Figure 7: Scatterplots of slope (a) and size (b) variables against the dependent variable Independence of residuals is marginally confirmed by the Durbin-Watson test that equals 1.52, suggesting initially no correlation. A value between 1.5 - 2.5 is acceptable (Norusis, 2005). It is noted that the Durbin-Watson test may take values from 0 to 4, hence values close to 2 involve no correlation. However, the latter test suggests that we have to check for potential spatial autocorrelation of residuals that cause this unreliability in the significance tests. Furthermore, statistics provided by the OLS tool of ArcGIS that is, Koenker (BP) (19.46) and Jarque-Bera (37.65) are statistically significant, suggesting that the relationships in the model are not consistent (either due to non-stationarity or heteroscedasticity) and the model outputs are biased, respectively.
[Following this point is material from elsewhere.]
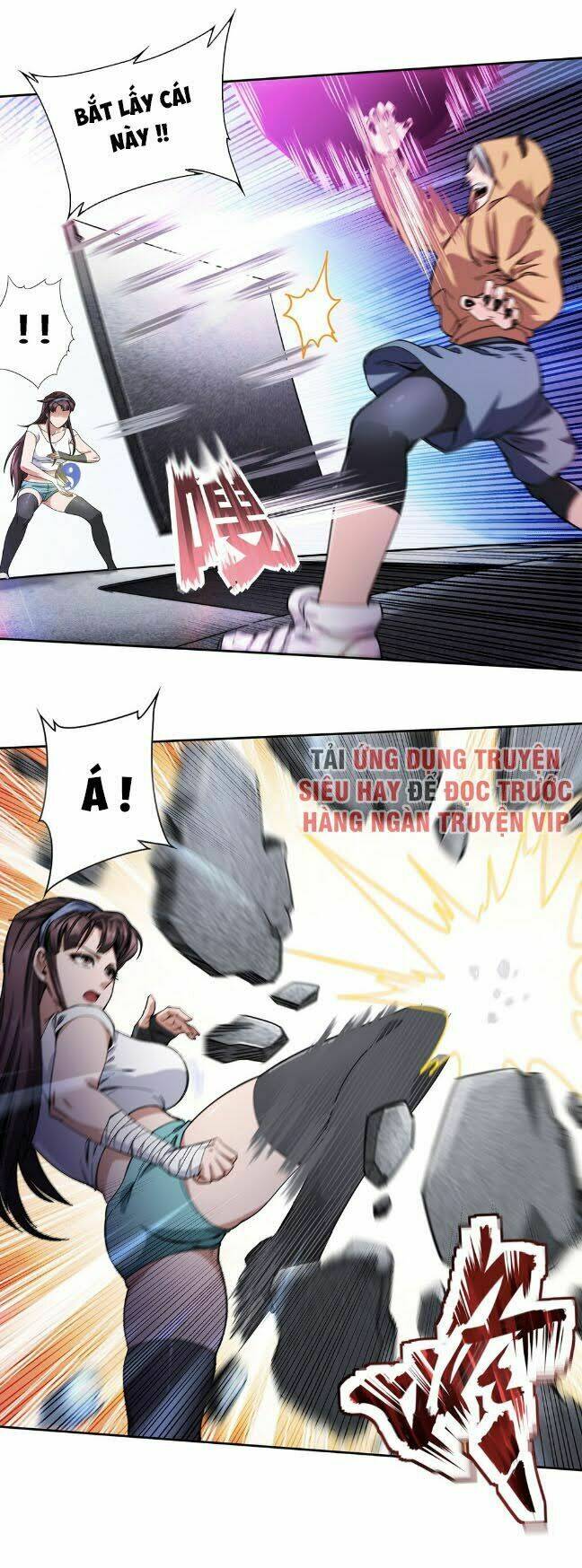 Dạ Thị Chi Vương: Chapter 26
Based on the above findings the SA tool of ArcGIS was used for exploring this issue. Figure 10 shows the critical z-score and the associated p-value for 90%, 95% and 99% confidence levels (vertical segments in both tails of the normal distribution). Both p-value and z-scores are associated with the standard normal distribution as shown in Figure 8.

Figure 8: p-value and z-scores in the normal distribution for 90%, 95% and 99% confidence levels.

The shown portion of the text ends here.